La congresista fue enfática al señalar que “necesitamos enviar un mensaje a los colombianos de que necesitan elecciones libres y justas”. En su intervención, Salazar detalló el mecanismo punitivo: “¿Estamos preparados para decir que quienes participen en ese tipo de proceso de fraude, podemos sancionarlos con sanciones de la OFAC, podemos cancelar sus visas a ellos y sus familiares?”. La propuesta surge en medio de una alta polarización política en Colombia, luego de que el presidente Gustavo Petro denunciara fraude en la primera vuelta del 31 de mayo, en la que resultó vencedor el candidato opositor Abelardo de la Espriella, apoyado por el expresidente Donald Trump.

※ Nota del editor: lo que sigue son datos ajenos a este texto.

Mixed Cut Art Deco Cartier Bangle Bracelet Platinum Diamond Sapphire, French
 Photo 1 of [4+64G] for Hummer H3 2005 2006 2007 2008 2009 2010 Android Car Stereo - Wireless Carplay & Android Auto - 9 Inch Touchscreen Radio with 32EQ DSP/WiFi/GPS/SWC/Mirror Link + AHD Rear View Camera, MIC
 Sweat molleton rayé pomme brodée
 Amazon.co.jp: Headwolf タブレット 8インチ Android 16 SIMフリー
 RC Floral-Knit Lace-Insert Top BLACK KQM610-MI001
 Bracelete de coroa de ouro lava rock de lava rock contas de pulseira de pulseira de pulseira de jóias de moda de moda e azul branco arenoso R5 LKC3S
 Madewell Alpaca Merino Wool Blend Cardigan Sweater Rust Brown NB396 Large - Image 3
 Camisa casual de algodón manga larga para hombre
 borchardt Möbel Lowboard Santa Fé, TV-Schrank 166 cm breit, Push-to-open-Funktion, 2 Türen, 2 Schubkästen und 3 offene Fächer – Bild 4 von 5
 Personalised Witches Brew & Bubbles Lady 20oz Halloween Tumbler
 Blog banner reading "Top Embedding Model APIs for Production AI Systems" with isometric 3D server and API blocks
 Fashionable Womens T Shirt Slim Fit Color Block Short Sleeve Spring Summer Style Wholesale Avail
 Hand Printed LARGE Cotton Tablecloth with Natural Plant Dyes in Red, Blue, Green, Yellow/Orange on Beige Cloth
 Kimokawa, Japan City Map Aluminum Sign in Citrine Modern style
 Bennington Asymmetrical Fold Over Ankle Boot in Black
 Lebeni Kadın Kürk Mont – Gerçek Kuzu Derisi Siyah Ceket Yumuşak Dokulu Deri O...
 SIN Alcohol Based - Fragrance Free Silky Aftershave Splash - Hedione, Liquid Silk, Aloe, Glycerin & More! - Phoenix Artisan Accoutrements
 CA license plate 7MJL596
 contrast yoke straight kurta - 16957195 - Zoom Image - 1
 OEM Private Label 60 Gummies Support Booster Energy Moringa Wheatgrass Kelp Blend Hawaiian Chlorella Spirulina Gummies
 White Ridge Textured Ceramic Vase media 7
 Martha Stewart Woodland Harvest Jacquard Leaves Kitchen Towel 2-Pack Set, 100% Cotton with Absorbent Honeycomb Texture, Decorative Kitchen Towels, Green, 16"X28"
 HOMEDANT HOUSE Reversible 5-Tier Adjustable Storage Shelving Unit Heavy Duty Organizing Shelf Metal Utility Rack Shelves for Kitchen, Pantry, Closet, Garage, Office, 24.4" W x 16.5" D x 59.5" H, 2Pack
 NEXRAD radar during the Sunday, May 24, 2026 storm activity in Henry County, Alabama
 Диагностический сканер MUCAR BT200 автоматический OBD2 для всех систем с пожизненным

Respuesta de Rubio y reacciones desde Colombia
El secretario de Estado, Marco Rubio, respondió que el gobierno estadounidense “será muy firme para garantizar elecciones libres y justas en Colombia”, aunque no detalló acciones concretas. La advertencia de Salazar fue respaldada por una declaración en la que sostuvo que “ahí está la lista de la OFAC, ahí está la lista de los visados y ellos y sus familias”, en alusión a que los responsables de un posible fraude perderían sus bienes y su posibilidad de ingresar a Estados Unidos. “Es un mensaje muy claro. Que dejen que la democracia colombiana se manifieste”, agregó la congresista.
“Hoy finaliza, sin irregularidades ni señales de fraude, el 100% del escrutinio de las elecciones del 31 de mayo. Exijo al presidente Gustavo Petro y a su obediente candidato Iván Cepeda que reconozcan los resultados y respeten la voluntad del pueblo colombiano”.
Abelardo de la Espriella, candidato presidencial colombiano
Las declaraciones de Salazar y Rubio se dan justo cuando la Registraduría Nacional del Estado Civil colombiana confirmó que el escrutinio de la primera vuelta finalizó sin irregularidades significativas. El registrador nacional, Hernán Penagos, aseguró que “el escrutinio se llevó a cabo de manera eficiente y sin contratiempos”, calificando el proceso como “un ejercicio de absoluta transparencia”. Según la entidad, las reclamaciones presentadas no superaron el 0,7 % del total de mesas, y cerca de 3.000 comisiones escrutadoras trabajaron a nivel nacional para completar el 100 % del conteo, certificado por jueces de la República.
En ese contexto, Abelardo de la Espriella exigió al presidente Petro y al candidato Iván Cepeda que reconozcan los resultados oficiales. “Hoy finaliza, sin irregularidades ni señales de fraude, el 100% del escrutinio de las elecciones del 31 de mayo”, afirmó el candidato, quien ya se prepara para la segunda vuelta. La planeación para esa jornada electoral ya avanza: la votación en el exterior comenzará el lunes 15 de junio, mientras que en Colombia se realizará el domingo 21. La Registraduría invitó a partidos políticos, entes de control y misiones de observación a una jornada informativa para consultar datos de mesas y puestos de votación.
La propuesta de la congresista Salazar, respaldada por el secretario Rubio, representa una presión externa significativa sobre el proceso electoral colombiano. Si bien la Registraduría insiste en la transparencia de los comicios, la advertencia de sanciones económicas y migratorias podría actuar como un disuasivo ante eventuales intentos de manipulación. Con la segunda vuelta a la vuelta de la esquina, el mensaje desde Washington es claro: Estados Unidos vigilará de cerca que la voluntad del pueblo colombiano se exprese sin interferencias.